[Records contained in a dataset]
• • • • •

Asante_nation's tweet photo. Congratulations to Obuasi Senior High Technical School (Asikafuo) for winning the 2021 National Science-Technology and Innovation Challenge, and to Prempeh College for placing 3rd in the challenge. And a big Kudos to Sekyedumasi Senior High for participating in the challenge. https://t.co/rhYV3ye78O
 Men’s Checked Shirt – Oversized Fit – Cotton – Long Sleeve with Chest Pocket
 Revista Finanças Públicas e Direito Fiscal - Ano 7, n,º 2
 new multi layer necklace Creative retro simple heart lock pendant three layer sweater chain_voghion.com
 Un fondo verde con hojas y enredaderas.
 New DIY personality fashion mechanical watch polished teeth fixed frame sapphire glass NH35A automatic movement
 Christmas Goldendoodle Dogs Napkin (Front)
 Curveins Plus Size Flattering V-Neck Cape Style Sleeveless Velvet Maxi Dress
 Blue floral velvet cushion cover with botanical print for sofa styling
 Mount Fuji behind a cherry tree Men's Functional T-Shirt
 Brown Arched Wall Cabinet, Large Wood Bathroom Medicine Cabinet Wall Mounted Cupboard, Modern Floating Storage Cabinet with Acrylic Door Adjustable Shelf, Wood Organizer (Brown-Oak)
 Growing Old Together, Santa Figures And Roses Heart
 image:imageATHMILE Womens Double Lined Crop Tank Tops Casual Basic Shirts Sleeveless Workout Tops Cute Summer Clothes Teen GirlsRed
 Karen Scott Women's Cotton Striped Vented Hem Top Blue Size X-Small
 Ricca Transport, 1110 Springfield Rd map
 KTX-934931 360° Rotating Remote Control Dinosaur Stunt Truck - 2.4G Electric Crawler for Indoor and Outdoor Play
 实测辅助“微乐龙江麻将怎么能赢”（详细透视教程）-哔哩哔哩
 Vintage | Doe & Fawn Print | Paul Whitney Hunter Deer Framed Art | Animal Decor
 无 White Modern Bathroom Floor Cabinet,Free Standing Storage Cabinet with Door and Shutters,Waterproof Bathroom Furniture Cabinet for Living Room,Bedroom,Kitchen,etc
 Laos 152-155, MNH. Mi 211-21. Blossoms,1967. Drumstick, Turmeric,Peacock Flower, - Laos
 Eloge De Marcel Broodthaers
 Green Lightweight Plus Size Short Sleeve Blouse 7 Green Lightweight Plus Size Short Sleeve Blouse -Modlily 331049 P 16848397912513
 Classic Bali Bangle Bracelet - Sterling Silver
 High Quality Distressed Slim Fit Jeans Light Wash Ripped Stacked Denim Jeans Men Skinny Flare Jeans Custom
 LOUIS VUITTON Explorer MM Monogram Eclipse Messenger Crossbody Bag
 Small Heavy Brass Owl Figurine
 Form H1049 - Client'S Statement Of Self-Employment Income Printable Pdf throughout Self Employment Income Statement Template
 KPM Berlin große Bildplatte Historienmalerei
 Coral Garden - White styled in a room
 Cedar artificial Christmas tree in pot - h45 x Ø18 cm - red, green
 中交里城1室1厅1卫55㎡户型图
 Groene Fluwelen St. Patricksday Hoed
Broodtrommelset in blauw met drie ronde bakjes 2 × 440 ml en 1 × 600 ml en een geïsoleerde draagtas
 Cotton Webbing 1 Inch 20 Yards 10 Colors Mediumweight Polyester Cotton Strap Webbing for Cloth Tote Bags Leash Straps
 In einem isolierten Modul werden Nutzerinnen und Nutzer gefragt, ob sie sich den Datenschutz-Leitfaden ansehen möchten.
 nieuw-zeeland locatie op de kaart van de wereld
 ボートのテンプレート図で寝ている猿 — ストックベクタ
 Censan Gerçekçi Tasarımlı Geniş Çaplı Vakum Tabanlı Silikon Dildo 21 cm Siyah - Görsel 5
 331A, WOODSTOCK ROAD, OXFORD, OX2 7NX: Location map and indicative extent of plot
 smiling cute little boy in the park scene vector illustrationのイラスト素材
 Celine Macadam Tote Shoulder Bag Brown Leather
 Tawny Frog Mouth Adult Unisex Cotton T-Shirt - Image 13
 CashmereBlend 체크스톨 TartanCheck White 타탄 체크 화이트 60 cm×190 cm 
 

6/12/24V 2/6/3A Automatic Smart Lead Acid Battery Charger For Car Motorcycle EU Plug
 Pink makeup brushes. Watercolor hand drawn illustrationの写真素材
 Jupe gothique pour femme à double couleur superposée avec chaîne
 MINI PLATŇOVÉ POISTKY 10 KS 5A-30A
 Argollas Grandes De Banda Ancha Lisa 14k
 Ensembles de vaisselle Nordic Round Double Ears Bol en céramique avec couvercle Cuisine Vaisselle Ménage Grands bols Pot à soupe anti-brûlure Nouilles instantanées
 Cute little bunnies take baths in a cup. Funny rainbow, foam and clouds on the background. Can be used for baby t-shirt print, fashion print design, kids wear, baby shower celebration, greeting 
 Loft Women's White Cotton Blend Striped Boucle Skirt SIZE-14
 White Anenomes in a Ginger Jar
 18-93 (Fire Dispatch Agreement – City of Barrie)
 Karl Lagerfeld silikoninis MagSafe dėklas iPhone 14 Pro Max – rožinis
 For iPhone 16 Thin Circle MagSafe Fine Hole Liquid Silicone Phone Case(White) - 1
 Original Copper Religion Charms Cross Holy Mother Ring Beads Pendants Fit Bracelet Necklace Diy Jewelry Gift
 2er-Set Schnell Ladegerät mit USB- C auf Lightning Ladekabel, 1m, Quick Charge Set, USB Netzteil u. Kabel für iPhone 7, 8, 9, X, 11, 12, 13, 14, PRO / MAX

• • • • •

### Activity
Copy, word for word, the line that contains "smiling cute little" and every line after it through the end of the records, and nothing else.

### Exercise output
 smiling cute little boy in the park scene vector illustrationのイラスト素材
 Celine Macadam Tote Shoulder Bag Brown Leather
 Tawny Frog Mouth Adult Unisex Cotton T-Shirt - Image 13
 CashmereBlend 체크스톨 TartanCheck White 타탄 체크 화이트 60 cm×190 cm 
 

6/12/24V 2/6/3A Automatic Smart Lead Acid Battery Charger For Car Motorcycle EU Plug
 Pink makeup brushes. Watercolor hand drawn illustrationの写真素材
 Jupe gothique pour femme à double couleur superposée avec chaîne
 MINI PLATŇOVÉ POISTKY 10 KS 5A-30A
 Argollas Grandes De Banda Ancha Lisa 14k
 Ensembles de vaisselle Nordic Round Double Ears Bol en céramique avec couvercle Cuisine Vaisselle Ménage Grands bols Pot à soupe anti-brûlure Nouilles instantanées
 Cute little bunnies take baths in a cup. Funny rainbow, foam and clouds on the background. Can be used for baby t-shirt print, fashion print design, kids wear, baby shower celebration, greeting 
 Loft Women's White Cotton Blend Striped Boucle Skirt SIZE-14
 White Anenomes in a Ginger Jar
 18-93 (Fire Dispatch Agreement – City of Barrie)
 Karl Lagerfeld silikoninis MagSafe dėklas iPhone 14 Pro Max – rožinis
 For iPhone 16 Thin Circle MagSafe Fine Hole Liquid Silicone Phone Case(White) - 1
 Original Copper Religion Charms Cross Holy Mother Ring Beads Pendants Fit Bracelet Necklace Diy Jewelry Gift
 2er-Set Schnell Ladegerät mit USB- C auf Lightning Ladekabel, 1m, Quick Charge Set, USB Netzteil u. Kabel für iPhone 7, 8, 9, X, 11, 12, 13, 14, PRO / MAX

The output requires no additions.